WORK TO BE COMPLETED: Your answer must be the lines of the material below, exactly as written, from its first line through the line with "6 Years New", and no pictures.

EXTRACTED MATERIAL:
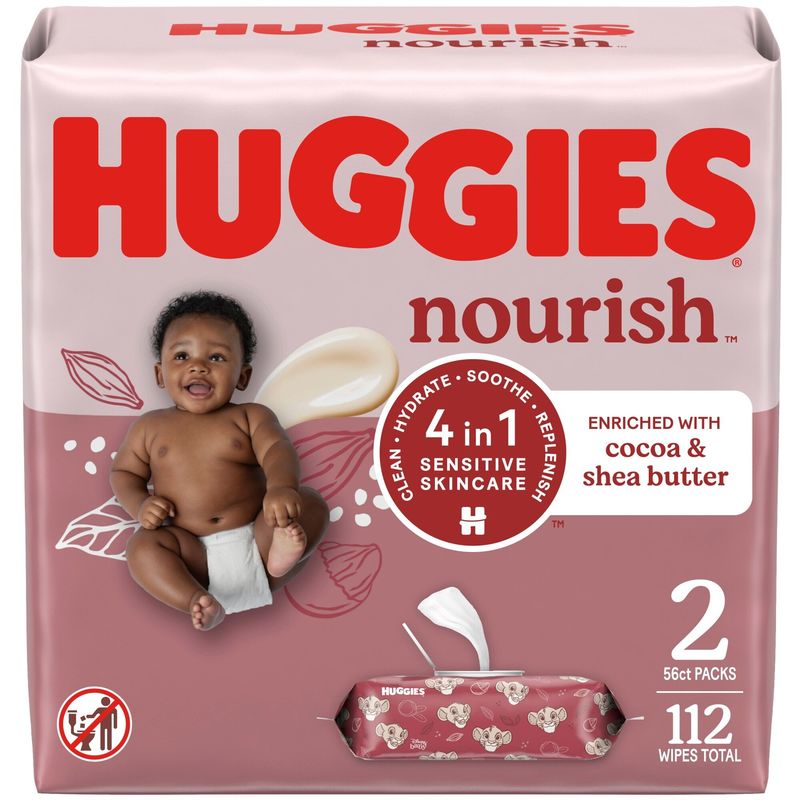 Huggies Nourish Scented Baby Wipes, 2 Push Button Packs 112 Wipes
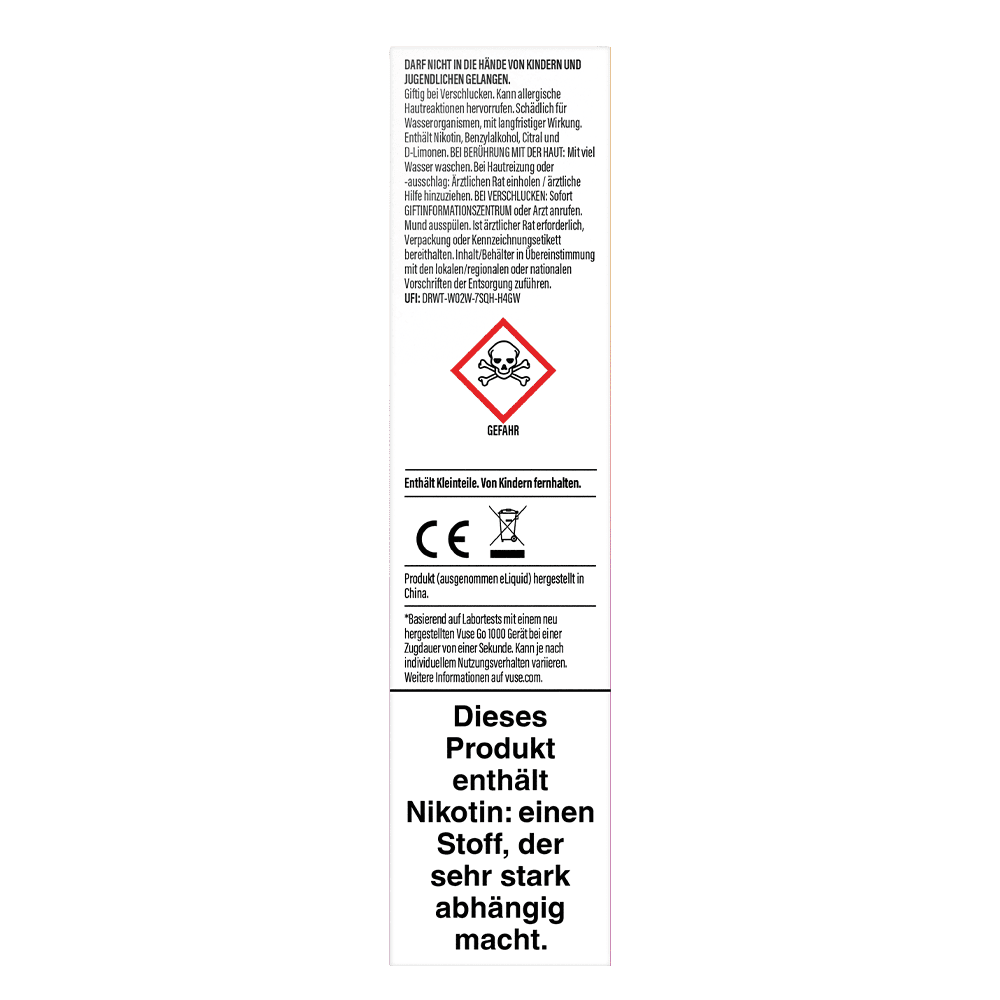 Vuse GO 1000 Lemon Berry 20mg Einweg E-Zigarette | VU5812 Vuse GO 1000 Lemon Berry 20mg Einweg E-Zigarette | VU5812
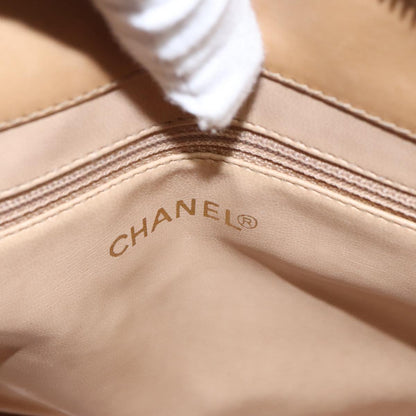 CHANEL V Stitch Hand Bag Leather 2way Beige Gold CC bs19426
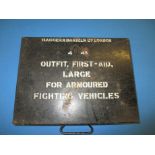 A WWII Armoured vehicle First Aid Kit with contents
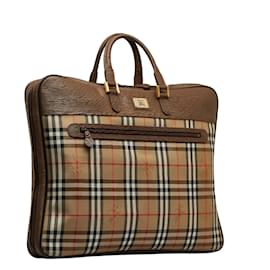 Burberry-House Check Canvas & Leather Garment Bag-Brown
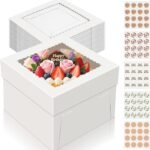 15-Pack Tall Window Cake Boxes 10x10x8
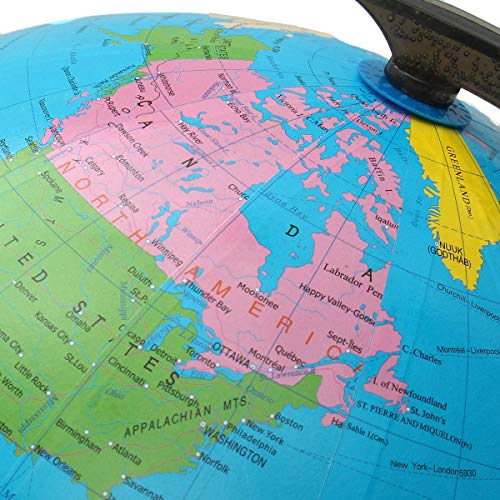 KingSo World Globe, 12.6'' Globe of Perfect Spinning Globe for Kids, Geography Students, Teachers, Easy Rotating Swivel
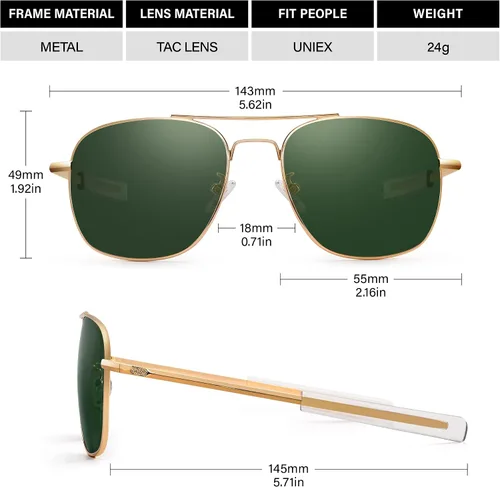 Vista 2 de Peekaco Gafas de sol de aviador para hombre estilo militar polarizadas marco de metal con patillas de bayoneta NegroAzul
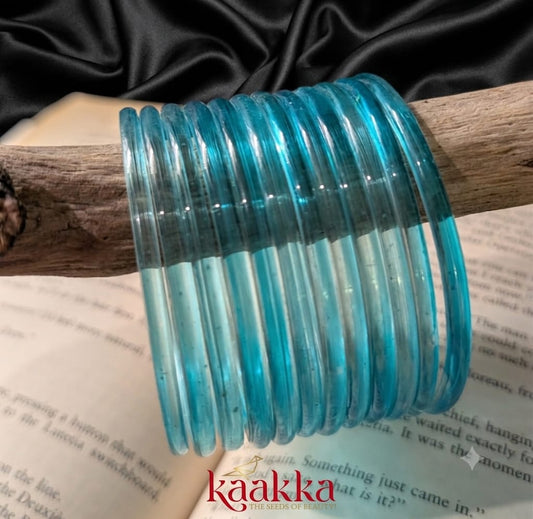 Light Blue Glass Bangles - NK07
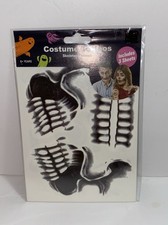 Costume Tattooes  Skeleton 3 Sheets  5" x 7"  6 Years New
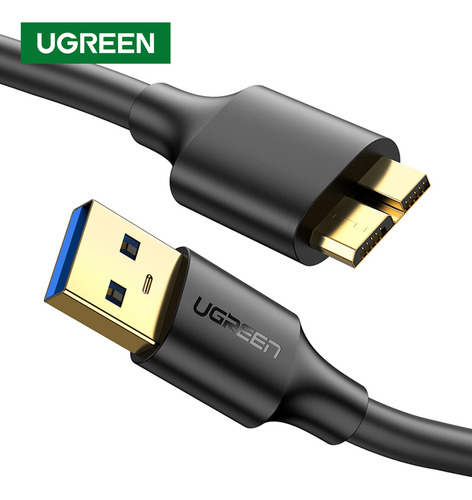 Cable De Datos 3.0 M/m Hdd Externo Usb-a/micro-b 1m Negro Ug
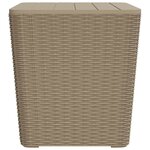 vidaXL Table de jardin avec couvercle amovible marron clair PP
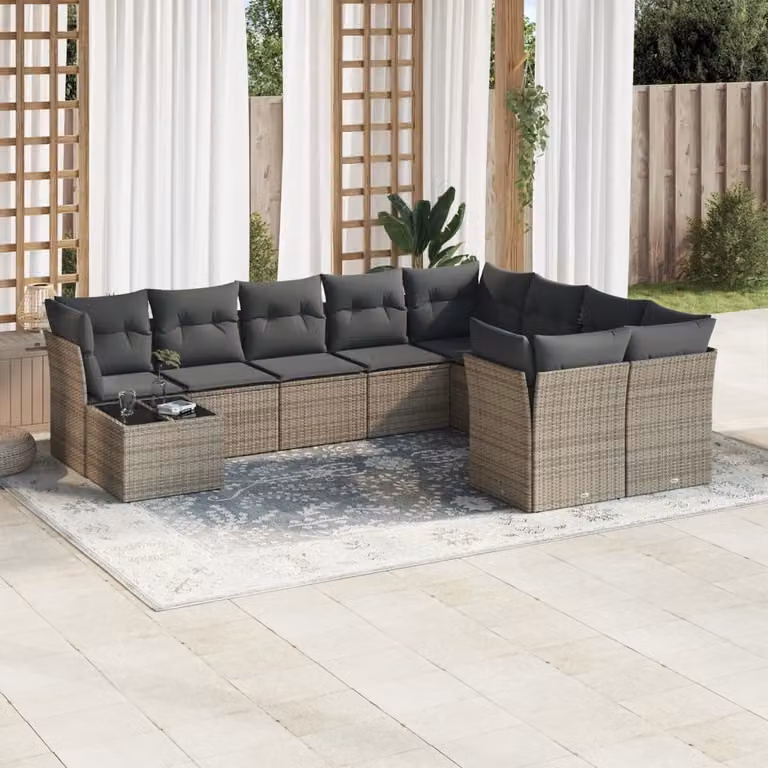 vidaXL Set Divano da Giardino 10 pz in Polyrattan Grigio con Cuscini e Tavolino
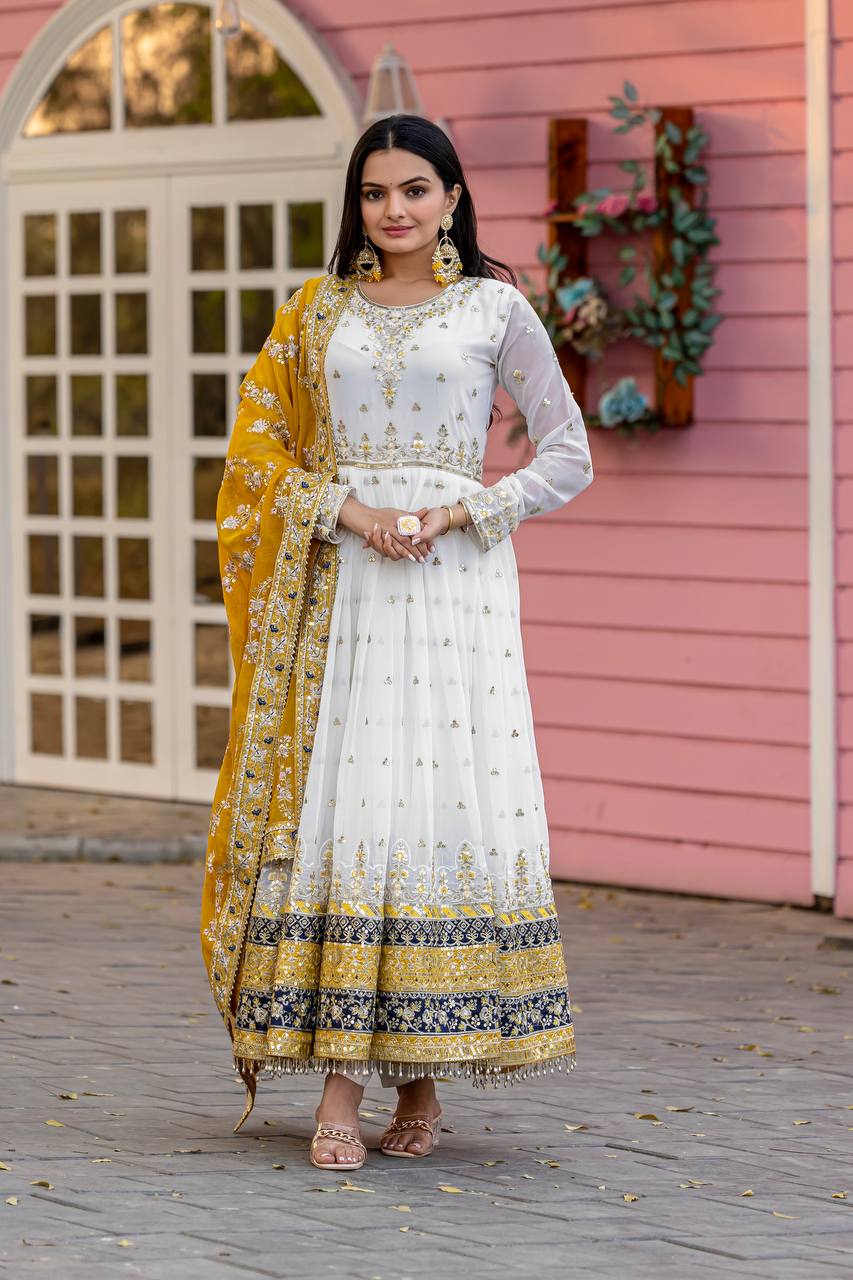 Teeya Creation White Colour Faux Georgette Heavy Embroidery Work Fully Stitched Gown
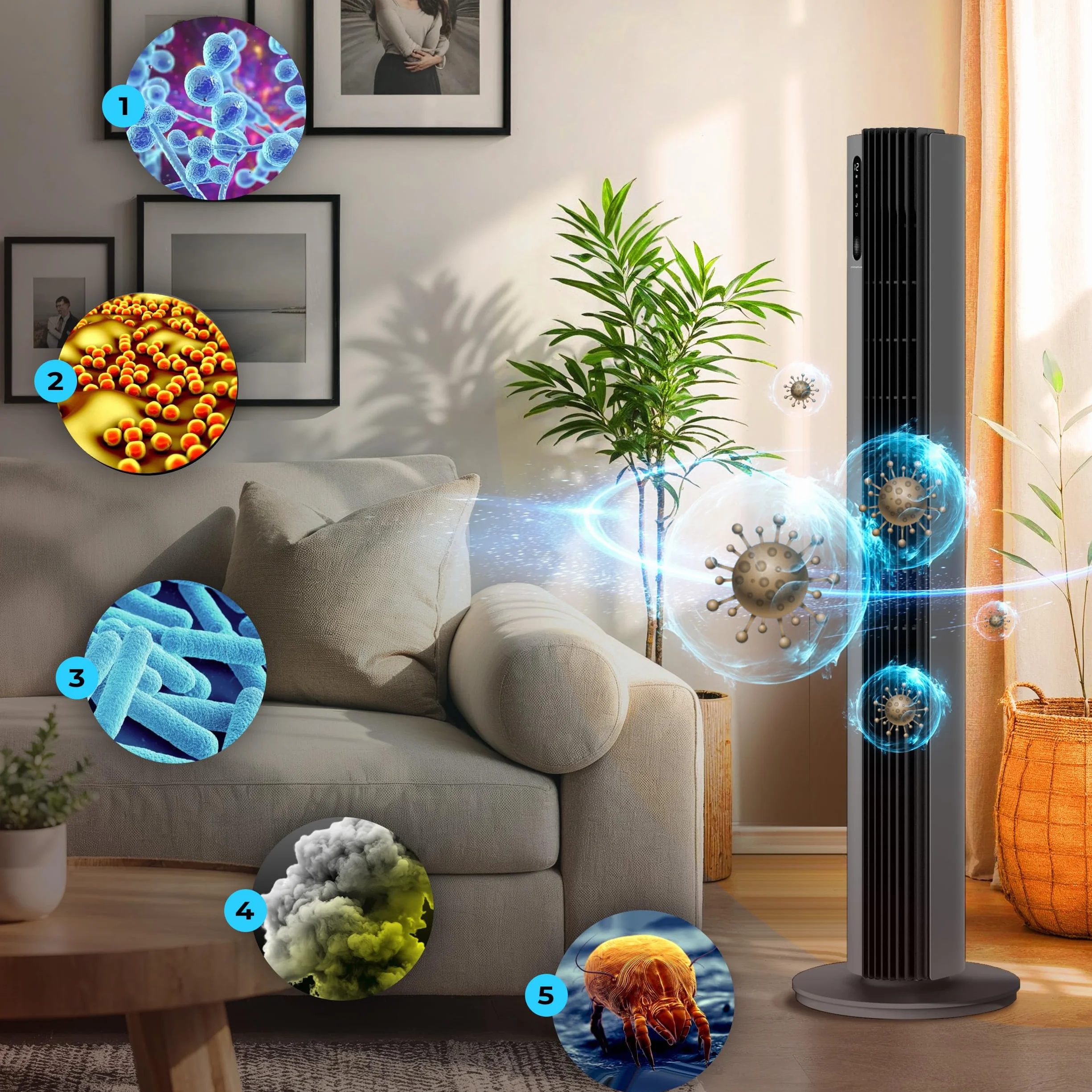 Wentylator kolumnowy 110cm PURE Jonizacja Plazmowa WiFi Tuya Smart Life, 12 prędkości, 30W, Timer 12h, Bardzo cichy wiatrak stojący z pilotem, Tower Fan, Nowoczesny klimatyzer wieżowy, Szary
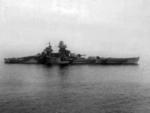 Battleship Richelieu, off the east coast of the United States, Sep-Oct 1943; photo taken from a US Navy seaplane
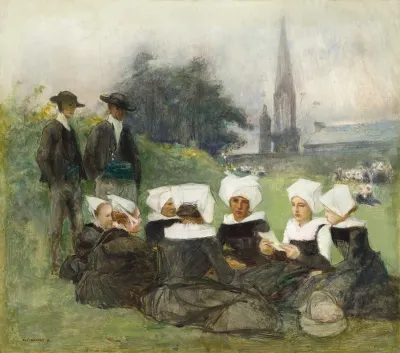 Study For Breton Women At A Pardon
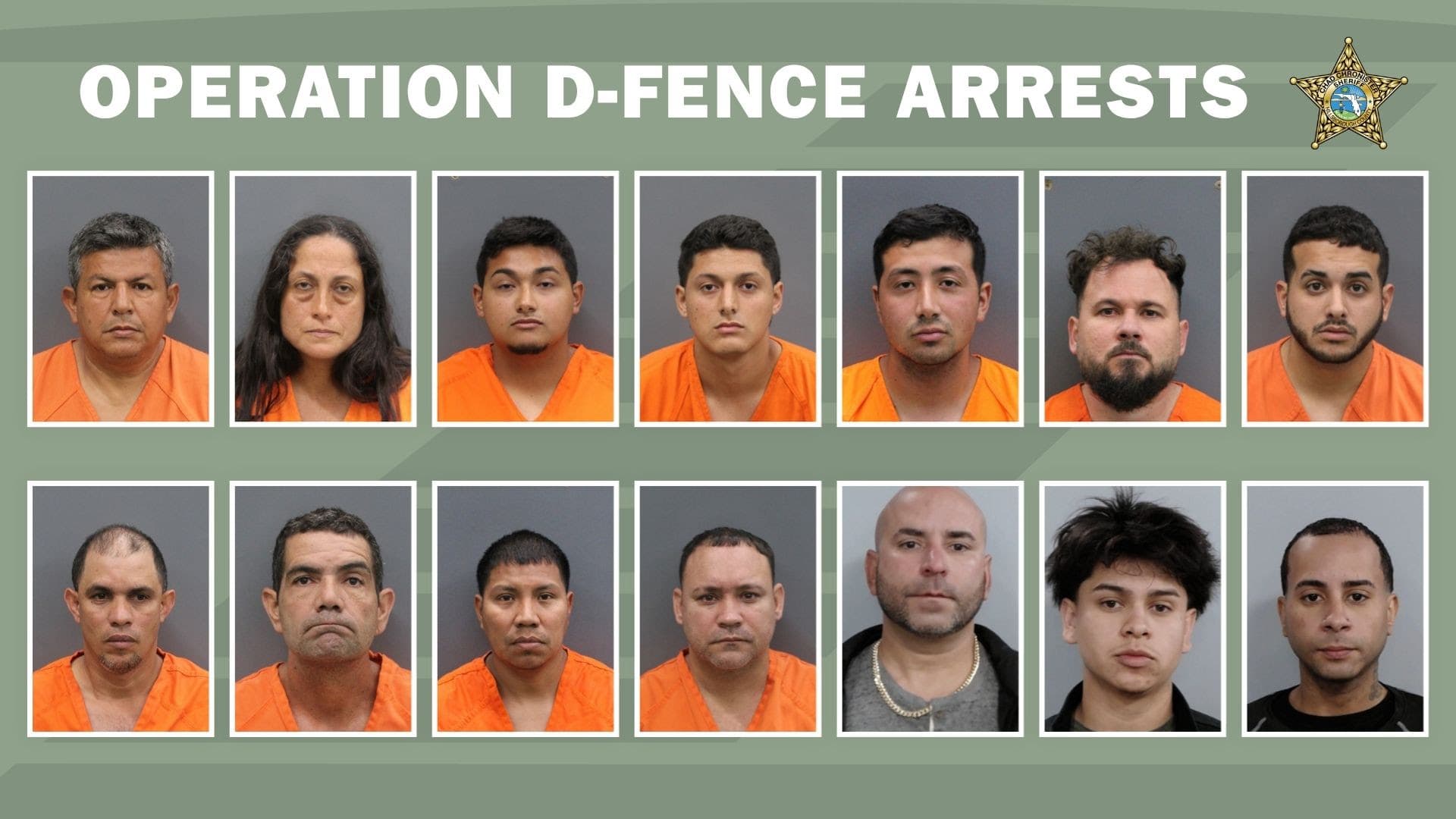 14 boxes of criminals in orange jumpsuits in front of a green background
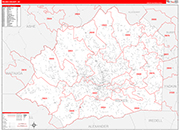 Wilkes County Wall Map Red Line Style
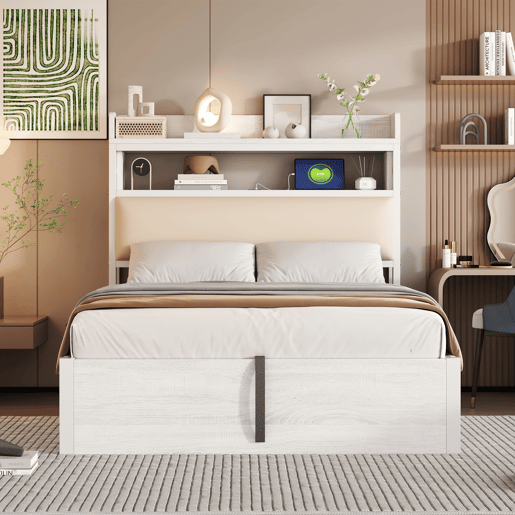 Estrutura da cama 90x200 - mecanismo hidráulico, porta USB, cabeceira acolchoada, design retro em madeira e metal, arrumação oculta - Branco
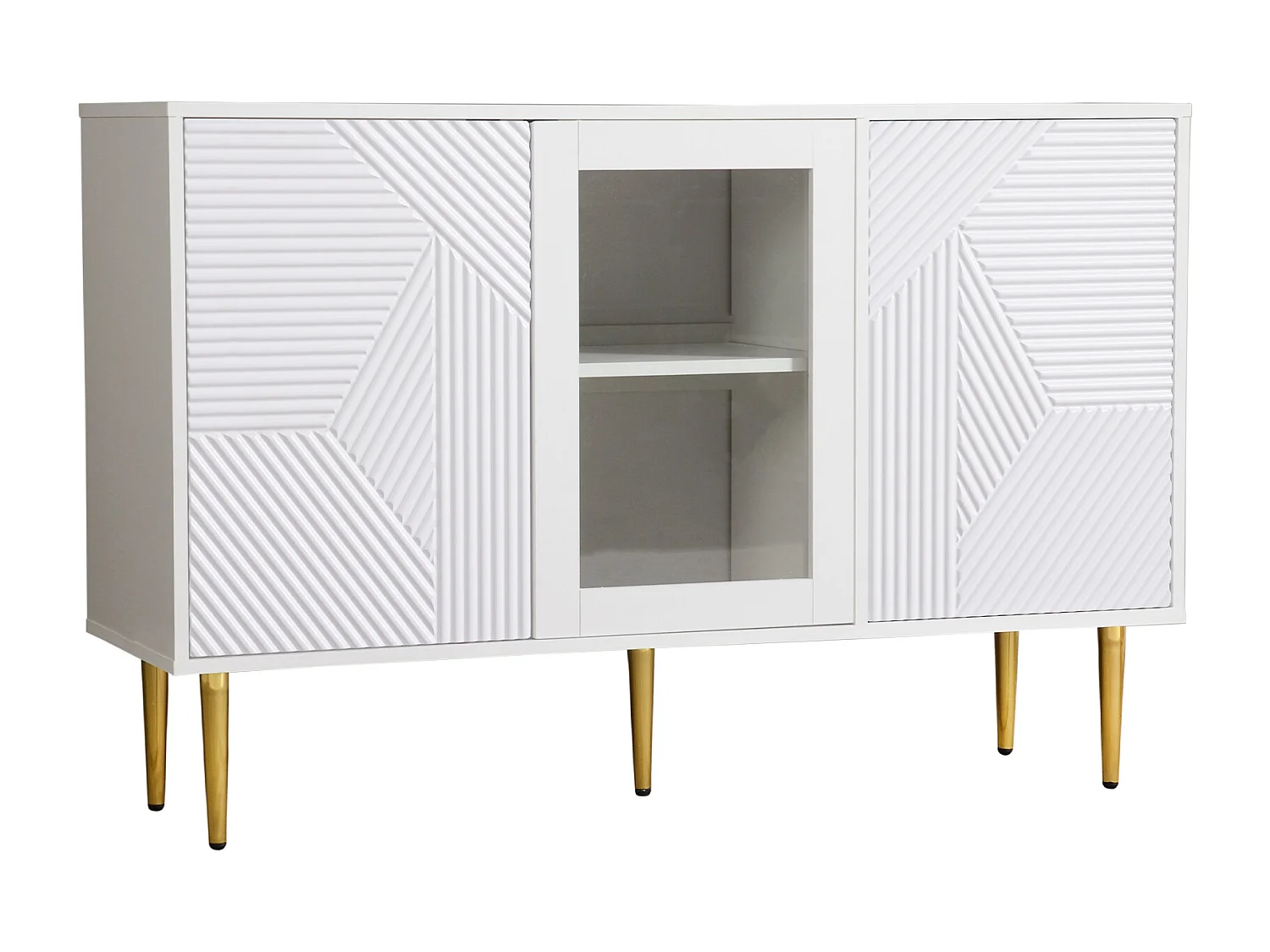 Buffet basso bianco 120 cm in pannello di legno con porte in vetro e piedi in metallo – stile moderno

EXERCISE ANSWER:
 Huggies Nourish Scented Baby Wipes, 2 Push Button Packs 112 Wipes
 Vuse GO 1000 Lemon Berry 20mg Einweg E-Zigarette | VU5812 Vuse GO 1000 Lemon Berry 20mg Einweg E-Zigarette | VU5812
 CHANEL V Stitch Hand Bag Leather 2way Beige Gold CC bs19426
 A WWII Armoured vehicle First Aid Kit with contents
 Burberry-House Check Canvas & Leather Garment Bag-Brown
 15-Pack Tall Window Cake Boxes 10x10x8
 KingSo World Globe, 12.6'' Globe of Perfect Spinning Globe for Kids, Geography Students, Teachers, Easy Rotating Swivel
 Vista 2 de Peekaco Gafas de sol de aviador para hombre estilo militar polarizadas marco de metal con patillas de bayoneta NegroAzul
 Light Blue Glass Bangles - NK07
 Costume Tattooes  Skeleton 3 Sheets  5" x 7"  6 Years New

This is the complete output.